A 2-Year-Old Boy Detained At The Border Has Died After Weeks In The Hospital

“The children are the most vulnerable, and we have seen four back-to-back cases of children who have lost their lives this way."

AUSTIN — A 2-year-old boy from Guatemala who was detained by US agents at the border died Tuesday night after being hospitalized for weeks in Texas, Guatemalan Consulate officials said.

Wilmer Josué Ramírez Vásquez is the fourth Guatemalan child to die after being apprehended at the US–Mexico border since December. The death, first reported by the Washington Post, comes amid a growing number of migrants, many of them Central American parents with children, who are presenting themselves at the border to request asylum.

In April, Border Patrol detained nearly 99,000 migrants, many of them families, who entered the US without authorization between official border crossings, a figure that has continued to rise each month this year.

Guatemalan General Consul Tekandi Paniagua told BuzzFeed News that Ramírez was hospitalized for about a month and appeared to have pneumonia. US Customs and Border Protection officials did not immediately respond to BuzzFeed News' request for comment.

A Customs and Border Protection (CBP) official familiar with the case told BuzzFeed News that the mother and child were apprehended by Border Patrol agents April 3 near the Paso del Norte International Bridge that links Ciudad Juarez, Mexico, and El Paso, Texas.
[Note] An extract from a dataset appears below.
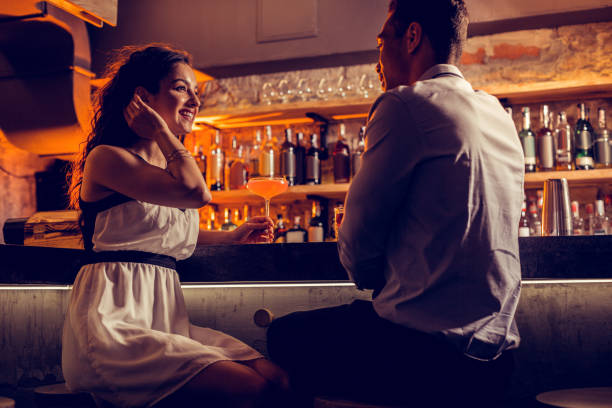 Happy girlfriend feeling relaxed spending time with her man Happy girlfriend. Happy girlfriend wearing white dress feeling relaxed spending time with her man flirting stock pictures, royalty-free photos & images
On April 6, the mother told agents that Ramírez was sick and was taken to the Providence at Horizon hospital, in Horizon City, Texas. The next day he was transferred via ambulance to Providence Children’s Hospital in El Paso, Texas.

The family was given a notice to appear in immigration court April 8 and released on their own reconnaissance at the El Paso hospital. At that point the family was no longer in Border Patrol custody, the official said.
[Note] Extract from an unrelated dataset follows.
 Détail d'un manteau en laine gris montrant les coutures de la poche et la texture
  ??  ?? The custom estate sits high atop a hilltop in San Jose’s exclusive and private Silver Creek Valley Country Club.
Per CBP procedures issued after the Dec. 8 death of 7-year-old Jakelin Caal Maquin while in Border Patrol custody, officials are supposed to notify Congress of an in-custody death. In this case the child wasn't in US custody, but it's unknown if CBP informed Congress nonetheless.

The bridge was the site of a temporary detention facility in March where Border Patrol detained migrants outdoors behind a chain-link fence topped with razor wire. Families held there said they experienced cold and windy nights sleeping on gravel. Other makeshift sites operated by Border Patrol have continued to spring up to contend with the surge of migrants at the border.

Immigrant advocates have been concerned about the overcrowded and dirty conditions people have experienced while being detained at the border. Agents have installed temporary tents at some Border Patrol stations in South Texas to deal with the influx, in addition to erecting two new tent camps in El Paso and Donna, Texas, to house thousands of immigrants arrested at the border.

Paniagua said the Guatemalan Consulate was warning migrants of the risks of traveling to the US.

“The journey to the United States and the conditions that Guatemalan families are facing on it is very dangerous,” Paniagua said. “The children are the most vulnerable, and we have seen four back-to-back cases of children who have lost their lives this way.”